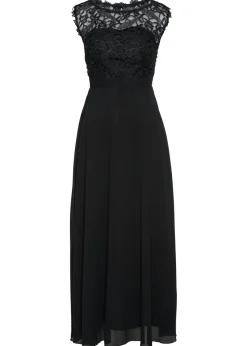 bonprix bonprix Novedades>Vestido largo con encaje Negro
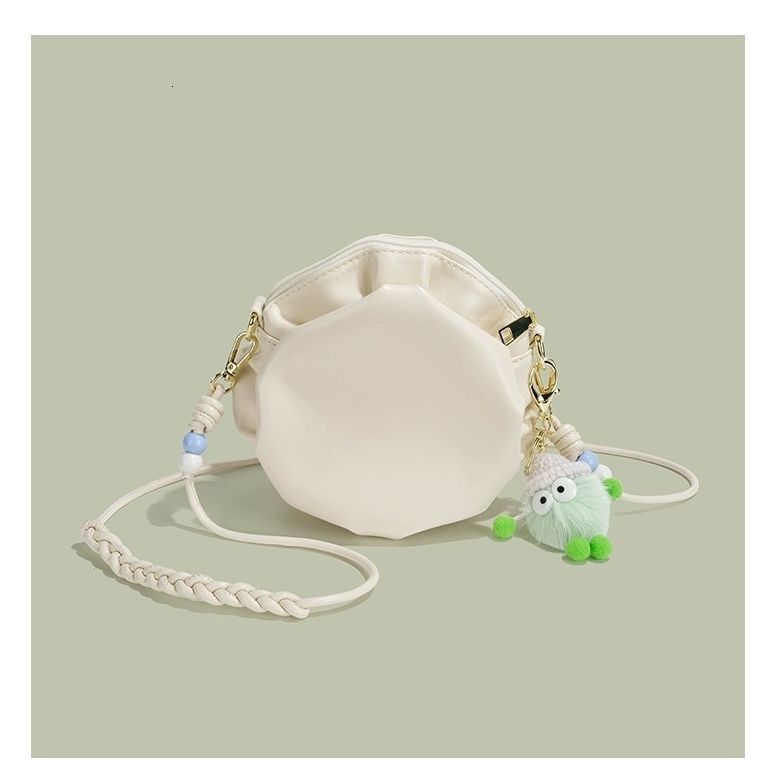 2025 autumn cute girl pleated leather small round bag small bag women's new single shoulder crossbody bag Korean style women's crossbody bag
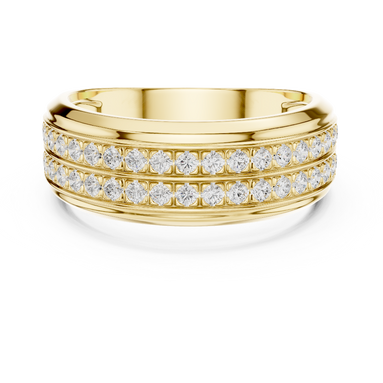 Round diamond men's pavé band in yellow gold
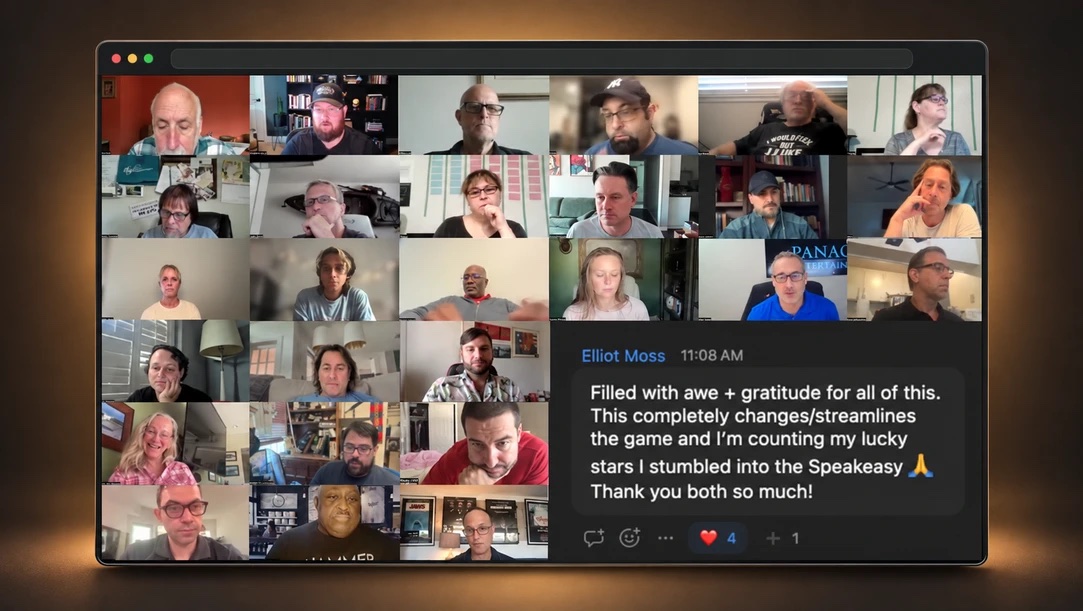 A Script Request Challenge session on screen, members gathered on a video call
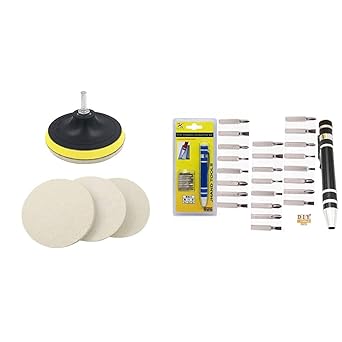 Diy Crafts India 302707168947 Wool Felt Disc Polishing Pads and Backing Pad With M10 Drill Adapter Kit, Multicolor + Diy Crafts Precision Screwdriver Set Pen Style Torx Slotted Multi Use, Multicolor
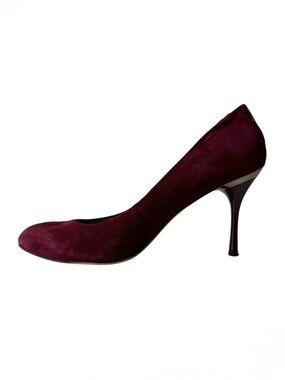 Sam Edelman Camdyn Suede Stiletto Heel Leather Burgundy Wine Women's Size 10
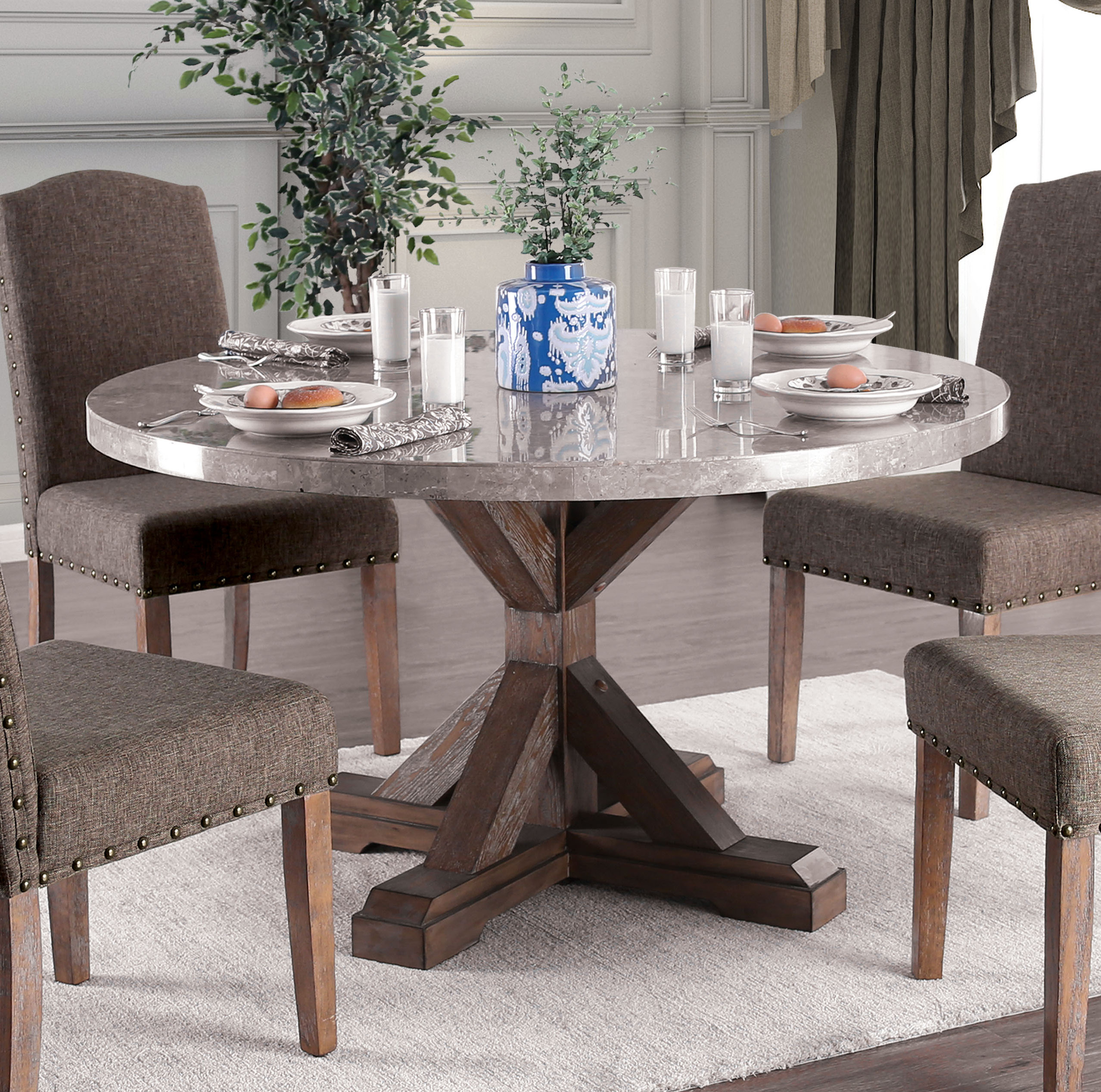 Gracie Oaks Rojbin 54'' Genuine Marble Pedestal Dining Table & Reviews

========

▶ Problem to solve: Set down every line of the entries above again, exactly as written, but not the pictures.

▶ Task output:
 bonprix bonprix Novedades>Vestido largo con encaje Negro
 2025 autumn cute girl pleated leather small round bag small bag women's new single shoulder crossbody bag Korean style women's crossbody bag
 Round diamond men's pavé band in yellow gold
 A Script Request Challenge session on screen, members gathered on a video call
 Diy Crafts India 302707168947 Wool Felt Disc Polishing Pads and Backing Pad With M10 Drill Adapter Kit, Multicolor + Diy Crafts Precision Screwdriver Set Pen Style Torx Slotted Multi Use, Multicolor
 Sam Edelman Camdyn Suede Stiletto Heel Leather Burgundy Wine Women's Size 10
 Gracie Oaks Rojbin 54'' Genuine Marble Pedestal Dining Table & Reviews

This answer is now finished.